The truth is that one of these days we are going to have a mass extinction that does either wipe out all life, or all but perhaps bacteria and one kind of fungus, or something close to that. R. Pyron is fine with that. I am not. He is wrong.
The second characteristic of mass extinctions is that everything gets rearranged and nothing is the same thereafter. My favorite is the pair of events that occurred very close in time at the end of the Permian. Prior to those back to back events, most, or at least a very large percentage, of animals that we were sessile — attached to things — while many, if not most, photo-synthesizers were not. After the Permian, things changed, and most plants were planted and most animals were perambulating by some means. Alexander Pyron wants us to focus on saving humans, and never mind extinctions in general. He lacks understanding of what he writes.

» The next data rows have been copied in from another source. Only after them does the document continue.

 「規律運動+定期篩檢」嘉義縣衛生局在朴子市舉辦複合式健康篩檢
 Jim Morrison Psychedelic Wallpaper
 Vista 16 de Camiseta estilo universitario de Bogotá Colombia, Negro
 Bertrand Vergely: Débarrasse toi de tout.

R is wrong about all of the climate change related things he says. He is abysmally wrong, and is clearly repeating standard long disproved, themes of the climate denial, anti science community. Yes, folks, we found another to add to the dozen or so nearly extinct ones we knew about. Like those frogs. A tenured scientist who is a climate science denier!

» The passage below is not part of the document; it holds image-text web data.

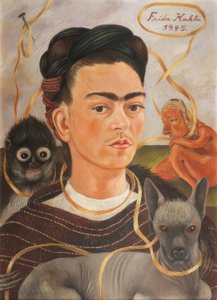 Changuito ile Autorretrato by Frida Kahlo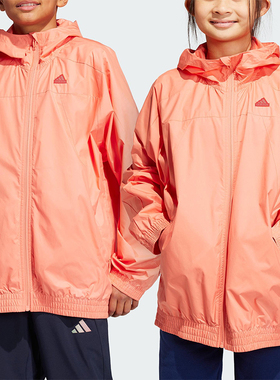 Adidas/阿迪达斯正品春秋大童轻薄梭织户外宽松外套HR6276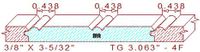 Tongue & Groove 3-1/16" - 4 Tongue & Groove 3-1/16" - 4
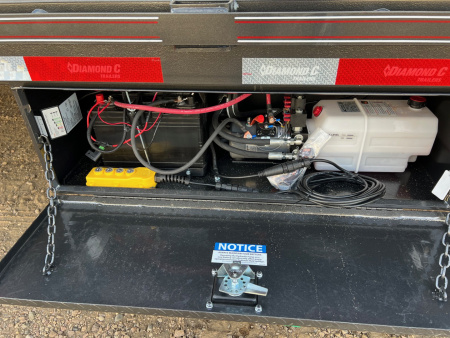 New 2026 Diamond C Trailers 35' FMAX212HDT Gooseneck Hydraulic Tail Flatbed Trailer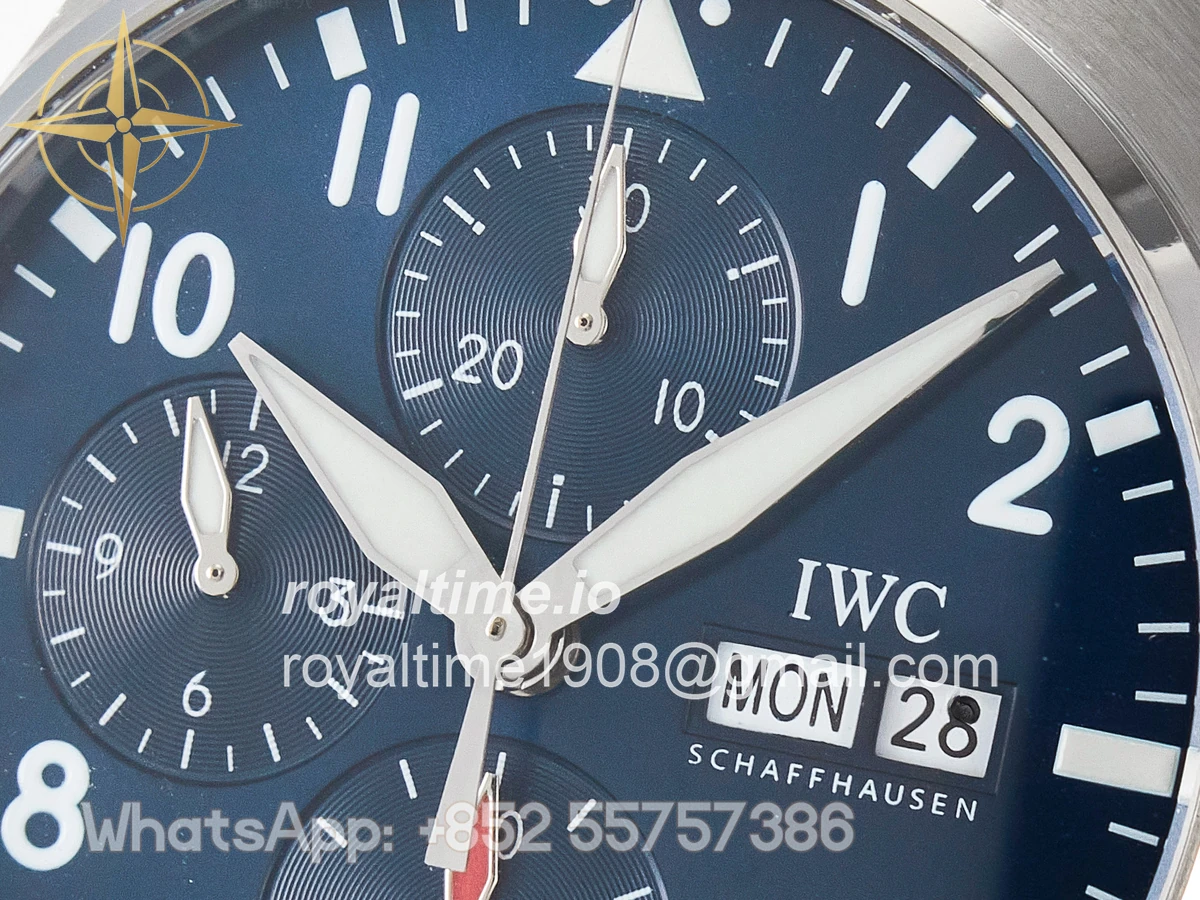 IWC Pilot’s Watch IW388102 BLSF Performance Chronograph 41mm SS Blue Dial On Stainless steel bracelet A7750 to 69385 - Image 9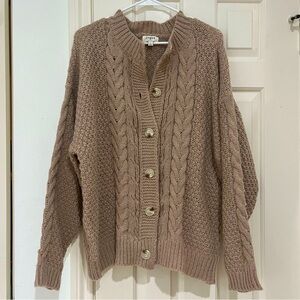 Umgee Button Up Sweater Cardigan size large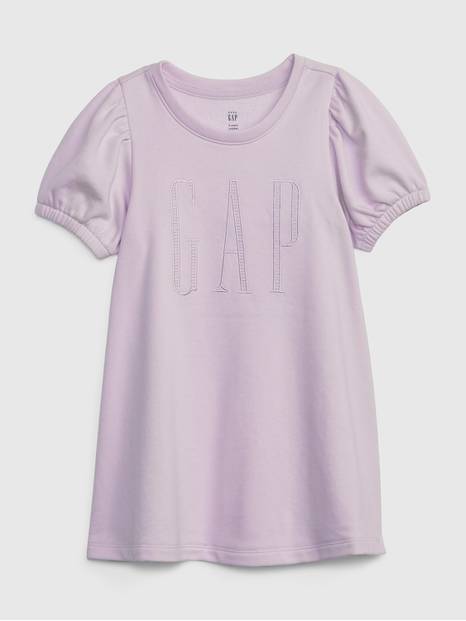 Toddler Puff Sleeve Gap Logo Dress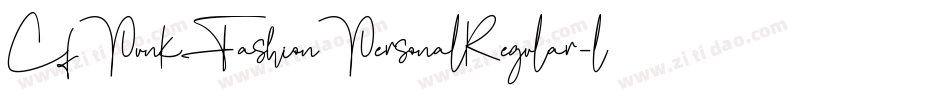 CfPunkFashionPersonalRegular-l2My字体转换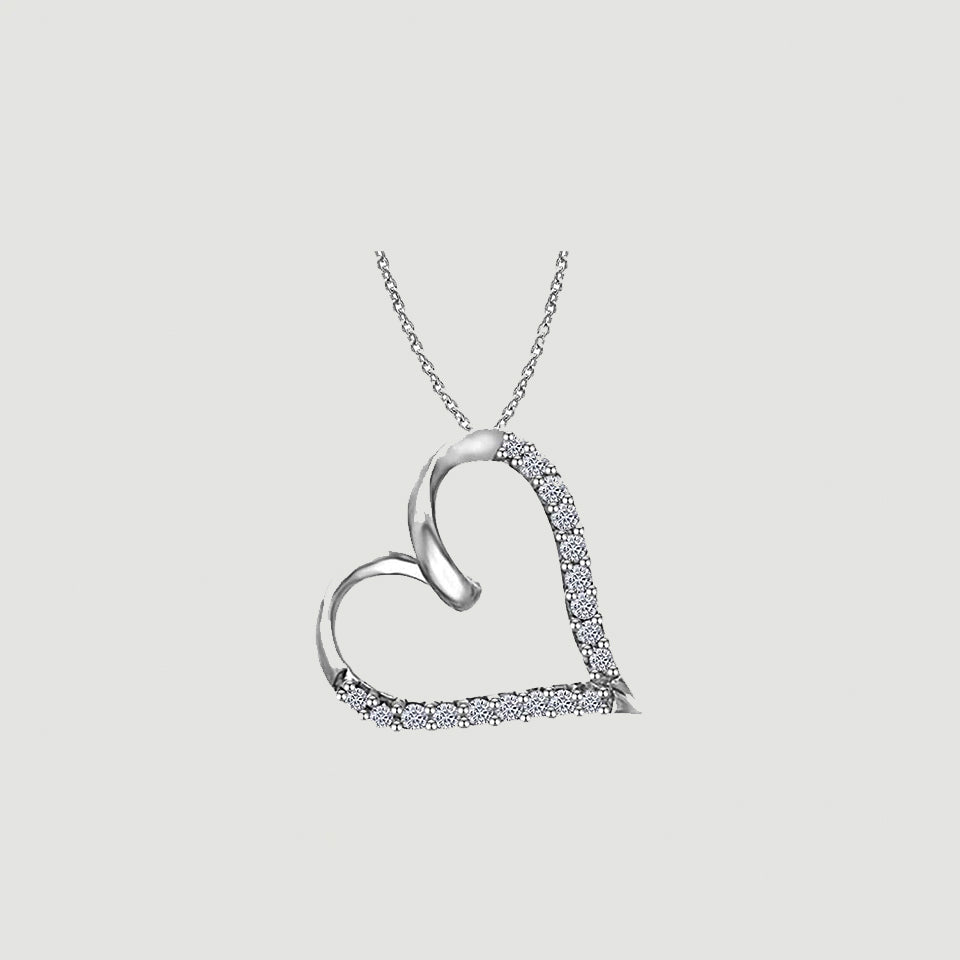 Twirl Heart Pendant Necklace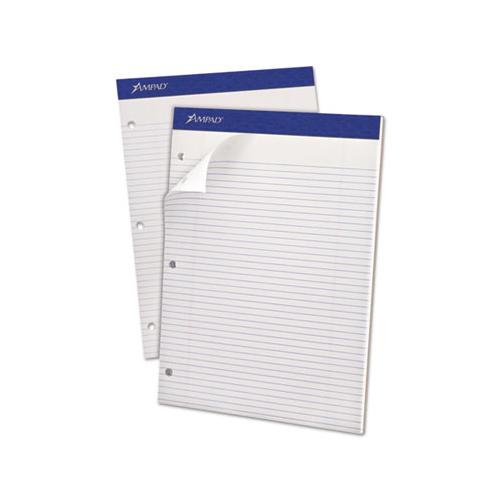 Double Sheet Pads, Narrow Rule, 8.5 X 11.75, White, 100 Sheets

The current and likely future with respect to sea levee rise is meters, not tenths of meters. The current sea levels are already on the high end for the Pleistocene, not low. Lower sea levels during the last glacial were much lower. The fact that it was warmer 65 million years ago is irrelevant, since our entire ecology, including all of the plants and animals we rely on, are categorically distinct from anything that lived then. R demonstrates in this part of his essay a Middle School level understanding of all things paleo, not what one would expect from a tenured professor of biology who supposedly studies evolution.

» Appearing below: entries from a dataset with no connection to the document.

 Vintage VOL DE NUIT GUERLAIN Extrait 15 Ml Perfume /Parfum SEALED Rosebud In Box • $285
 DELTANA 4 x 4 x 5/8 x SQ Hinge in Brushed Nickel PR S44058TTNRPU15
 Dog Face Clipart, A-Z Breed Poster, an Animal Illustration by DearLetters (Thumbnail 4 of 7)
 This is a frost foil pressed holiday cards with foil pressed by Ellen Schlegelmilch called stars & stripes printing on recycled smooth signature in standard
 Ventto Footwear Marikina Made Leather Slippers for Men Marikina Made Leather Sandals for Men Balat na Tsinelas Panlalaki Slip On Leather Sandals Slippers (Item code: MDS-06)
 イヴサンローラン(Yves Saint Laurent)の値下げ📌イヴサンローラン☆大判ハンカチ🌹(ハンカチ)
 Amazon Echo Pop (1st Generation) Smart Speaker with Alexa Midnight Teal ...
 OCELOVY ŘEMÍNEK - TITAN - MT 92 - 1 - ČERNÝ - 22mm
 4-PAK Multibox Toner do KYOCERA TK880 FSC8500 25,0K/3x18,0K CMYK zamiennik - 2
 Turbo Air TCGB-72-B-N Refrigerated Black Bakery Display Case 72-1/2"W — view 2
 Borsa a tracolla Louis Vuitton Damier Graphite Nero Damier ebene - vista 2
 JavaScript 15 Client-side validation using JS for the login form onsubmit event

His comments about Florida demonstrate a dangerous ignorance. The introduction of what become invasive species is nearly universally bad, and this one kind of event is responsible for more extinction in this world than any other thing. When R. tells us that invasive species are not a problem because of Florida, he is conveying a pernicious and dangerous falsehood. If he understand that he has this wrong then he has carried out a nefarious act in writing this essay, and we need to wonder why. If he does not understand that he has this wrong, then he had demonstrated deep and disturbing ignorance. Maybe there is a third reason, but I don’t see it.
By the way, the pattern he claims for Florida, specifically, might be partly true, but there are reasons for this having to to with the region’s unique bio-geography as a peninsula jutting down into a tropical region, as well as its history as part of an earlier mass extinction event across the Caribbean. This is all interesting stuff that R is apparently ignorant of.
He does seem to be concerned with climate refugees, and he does admit that we might want to avoid some of the effects of climate change. But these ameliorating comments are buried in a larger Lomborgian style argument that we should not be concerned about extinctions, climate change, all of that.
There is an editor at the Washington Post that totally stepped in it.